Era
una noche de finales de Agosto un tanto rara, más espesa de lo
habitual. Salía de mi casa con la intención de robarle a la ribera
del río algún resquicio furtivo de aire fresco. El parque, el
descampado, el
riachuelo, la litrona
de alhambra y los tres o cuatro de siempre. Por aquí no se necesita,
o quizá no se aspira, a mucho más. Bajando por mi calle no se oía
gran cosa, excepto un vago rumor procedente de la terraza del bar de
la esquina, ya escupiendo poco a poco a los últimos clientes, que no
parecían tener intención de irse.
Allí
fue donde lo vi. Un pequeño bulto al principio, apenas una mancha
oscura en mitad de la carretera. Conforme me iba acercando la imagen
se hacía más nítida. Era un gato pequeño, un animalillo blanco y
negro al que ya había visto varias veces rondando por allí,
escondiéndose debajo de la plataforma de chapa de la terraza del bar
cada vez que los pasos de algún transeúnte se aproximaban
demasiado. Sus ojos de un vivo verde se habían convertido ahora en
dos botones de un gris pardusco. La mitad inferior de su cuerpo
apenas podía distinguirse del asfalto, y un charco de sangre oscura
se esparcía con lentitud a su alrededor. Respiré hondo y traté de
mirar al frente. Proseguí mi camino, con el pulso acelerado.

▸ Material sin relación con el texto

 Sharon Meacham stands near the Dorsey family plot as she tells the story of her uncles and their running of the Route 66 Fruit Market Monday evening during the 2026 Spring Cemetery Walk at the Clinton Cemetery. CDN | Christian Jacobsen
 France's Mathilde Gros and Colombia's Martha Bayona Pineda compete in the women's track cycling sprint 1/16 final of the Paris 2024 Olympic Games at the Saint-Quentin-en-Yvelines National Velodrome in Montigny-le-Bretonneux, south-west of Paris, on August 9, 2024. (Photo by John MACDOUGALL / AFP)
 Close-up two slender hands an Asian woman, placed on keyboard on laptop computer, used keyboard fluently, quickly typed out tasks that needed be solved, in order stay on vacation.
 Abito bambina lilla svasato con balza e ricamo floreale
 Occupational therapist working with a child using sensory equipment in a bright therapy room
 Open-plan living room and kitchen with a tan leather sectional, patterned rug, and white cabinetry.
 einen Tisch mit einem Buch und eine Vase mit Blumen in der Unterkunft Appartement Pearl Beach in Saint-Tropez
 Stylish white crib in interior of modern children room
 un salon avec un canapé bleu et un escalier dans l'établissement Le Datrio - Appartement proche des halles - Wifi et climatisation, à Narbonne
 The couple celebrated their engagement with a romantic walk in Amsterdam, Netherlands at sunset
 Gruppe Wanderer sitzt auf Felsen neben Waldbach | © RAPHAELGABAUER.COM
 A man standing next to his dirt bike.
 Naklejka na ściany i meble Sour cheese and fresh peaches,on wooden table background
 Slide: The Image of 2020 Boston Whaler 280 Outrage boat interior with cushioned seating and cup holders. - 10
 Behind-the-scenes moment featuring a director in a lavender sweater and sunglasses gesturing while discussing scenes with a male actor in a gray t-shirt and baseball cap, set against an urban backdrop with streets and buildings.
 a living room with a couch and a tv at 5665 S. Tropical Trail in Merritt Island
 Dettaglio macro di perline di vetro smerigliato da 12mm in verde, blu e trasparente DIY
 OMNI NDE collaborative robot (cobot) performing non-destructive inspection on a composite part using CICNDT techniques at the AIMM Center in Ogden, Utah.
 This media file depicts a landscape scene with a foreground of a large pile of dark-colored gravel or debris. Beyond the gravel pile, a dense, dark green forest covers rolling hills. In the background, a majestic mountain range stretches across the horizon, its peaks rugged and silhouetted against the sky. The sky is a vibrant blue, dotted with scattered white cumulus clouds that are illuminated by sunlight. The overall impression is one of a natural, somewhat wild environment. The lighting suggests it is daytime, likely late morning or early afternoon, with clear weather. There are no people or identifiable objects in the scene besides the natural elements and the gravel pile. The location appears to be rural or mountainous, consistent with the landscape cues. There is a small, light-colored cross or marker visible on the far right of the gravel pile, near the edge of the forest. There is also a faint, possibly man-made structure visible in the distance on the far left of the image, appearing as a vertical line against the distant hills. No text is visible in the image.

Entonces fue cuando me encontré con aquel otro gato callejero. Lo
reconocí al instante. La
noche anterior lo había visto jugando con el pequeño. Se perseguían
el uno al otro calle arriba, se mordisqueaban las orejas y después
volvían a empezar. Yo seguía sus ideas y venidas con la mirada y
sonreía desde la ventana de mi habitación. Pero aquella noche el
gato mayor me miraba con sus enormes ojos amarillos, inmóvil en
mitad de la acera, como exigiendo una respuesta. Al parecer, ni los
gatos ni los humanos podemos aspirar a comprender gran cosa.
Estuve
un rato en el banco con mis amigos, hablando de cosas sin
importancia. O al menos en aquel momento no me parecía que la
tuvieran. Volví a casa al cabo de una hora, preguntándome si el
cuerpo destrozado de aquel gato seguiría allí. Por el camino me
crucé con varios gatos más. Aquella noche vi más que nunca. Todos
parecían estar de funeral, o al menos eso quise
creer; que eran tan
conscientes como yo lo era de lo absurdo e inevitable de la muerte.
De lo absurdo e inevitable de la vida. Al pasar la esquina encontré
de nuevo al gato de
ojos amarillos. Me miraba y maullaba, dando vueltas alrededor de mí.
Me persiguió durante un buen trecho, hasta llegar a la altura del
cadáver de su amigo. Se quedó allí parado, a su lado. Yo lo
acompañaba.
Dos
niños de unos doce
años con ese gesto descuidado que solo la infancia en el pueblo
es capaz de imprimir en la carne pararon su bici frente a la escena.
Sentí un escalofrío. Pensé
que seguramente
planeaban hacer alguna
trastada con el pobre animal. Pero permanecieron allí en silencio,
encaramados en sus bicicletas. Miraban al suelo. Qué pena, dijo uno
de ellos. Yo permanecía quieta, a un lado de la acera. El gato de
ojos amarillos miraba al pequeño, se acercaba a él, lo rodeaba y se
volvía a alejar. Los niños lo
observaban muy
callados. Uno de ellos se dio la vuelta y se acercó al bar de la
esquina a pedir ayuda. Hay un gato pequeño muerto en mitad de la
carretera. Pero a nadie parecía importarle demasiado el asunto.
Excepto a su compañero felino, y a nosotros.
¿No
pueden hacer nada? Se encogió de hombros. Ni me han contestao.
Me da mucha pena. Y a mí, intercedió su amigo. Bueno. Adiós,
buenas noches. Buenas noches. Sus bicicletas se alejaron calle
arriba. El gato de ojos amarillos seguía mirando el cuerpo de su
pequeño compañero, maullando lastimeramente. Siguió ahí durante
el resto de la noche. Pude oír cada quejido desde mi ventana. Yo
tampoco dormí. Ojalá pudiera haberle hecho comprender de algún
modo lo que acababa de suceder. O quizás fuese mejor así.